Korea and its neighbor Manchuria had been of great importance to the USSR, the PRC (People's Republic of China) and Japan since the nineteenth century. Following this tradition, after World War II the USSR made an attempt to occupy Korea. Not wanting the Soviets to grab too much territory, the US occupied the southern half of Korea, south of the 38th Parallel. Much as it had in Germany just after World War Two, these two occupations set the status quo: North Korea, that area of the Korean peninsula north of the 38th parallel became Communist, while South Korea was the province of a nationalist, anti-communist government.
The Korean War erupted on June 25, 1950 in the middle of the burgeoning Cold War, an international struggle between the US and the USSR for world domination of their competing ideologies, Democracy/Capitalism versus Communism. While the Soviet Union never got directly involved in the fighting, it did supply North Korea with weapons and supplies. The US, on the other hand, did commit its own troops as part of a UN international-peace keeping force. In reality, the UN force was in name only; the troops were made up of almost entirely American forces, with some American allies. The Korean War was the first instance that it became clear that the UN could be used by the US as a foreign policy tool.

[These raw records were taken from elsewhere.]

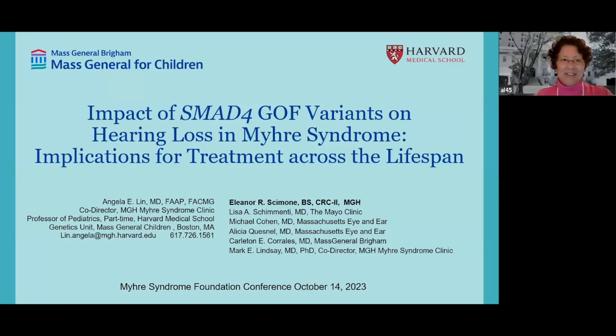Hello, everyone. This is Angela Lin. I'm a medical geneticist at Mass General Hospital. Many of you know me as the co-director of our MGH Myrie Syndrome Clinic, and I'm so pleased to be talking to you about hearing loss. The title is Impact of SMAD4 Gain-of-Function Variance on Hearing Loss in Myrie Syndrome: Implications for Treatment Across the Lifespan. I had given this talk a few weeks ago at a genetic meeting.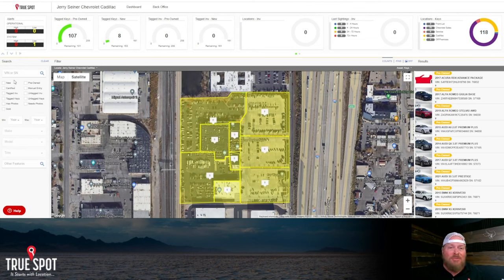Over on the left, you can run the same searches we talked about on the phone app — search by stock number, VIN, make and model. You can also filter by tagged versus untagged, certified versus pre-owned versus non-certified. You can search multiple vehicles and see them all on the map at once, both keys and cars.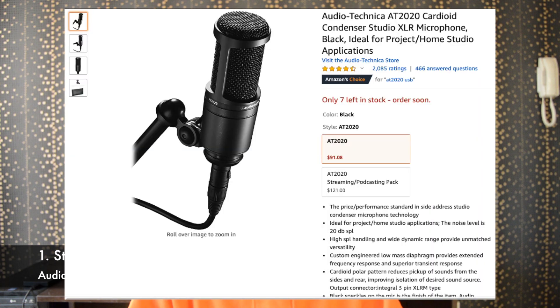Without wasting any time, let's get into the first one, which is a studio mic. The one I recommend is the Audio-Technica AT2020. Despite its low price, this mic delivers very mature and believable sound. I've used this mic before — it's perfect for vocals, singing, rapping, and instruments. It's a very good investment, so stop sleeping on it and go get it.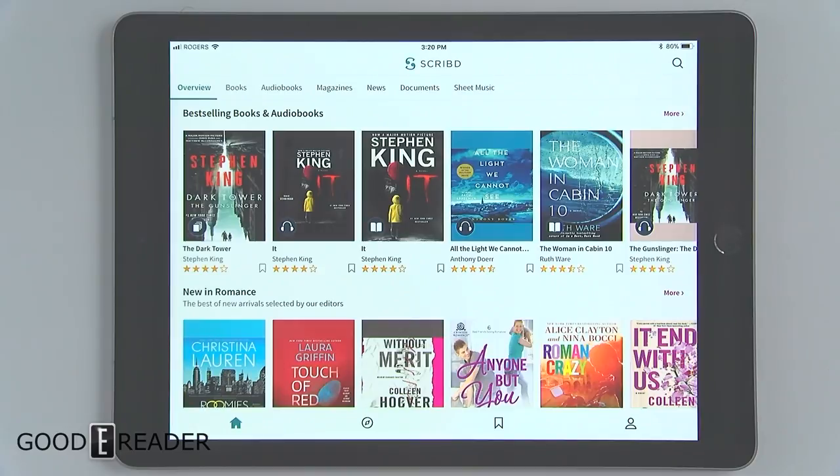Welcome to a Goodie Reader app review. Today we're looking at Scribd. Scribd recently unveiled a new unlimited model a few weeks ago. Users pay around $8.95 a month and get access to an unlimited amount of books, audiobooks, magazines, news, documents, and sheet music.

It is somewhat surprising that only a few years after letting enormous China turn Communist without getting seriously involved, as well as watching Eastern Europe fall under the "iron curtain", the US would then become embroiled in an Asian land war over the fate of strategically insignificant Korea. The Korean War thus represented an important shift in US Cold War policy. By 1950, a loss to communism anywhere was thought of as a loss everywhere. The beginnings of the later Domino Theory were already present in an early form.
The US got involved in Korea to save face and to appear strong against communism, not because Korea was vital to American interests. Somewhat ironically, South Korea was only a sham democracy under Syngman Rhee, who was really just as tyrannical as North Korea's Kim Il-Sung. Once again, this set a Cold War pattern for the US: support of anti-communists who were quite blatantly dictators themselves, and the tautological justification of that US support for the simple reason that these dictators were anti-communist.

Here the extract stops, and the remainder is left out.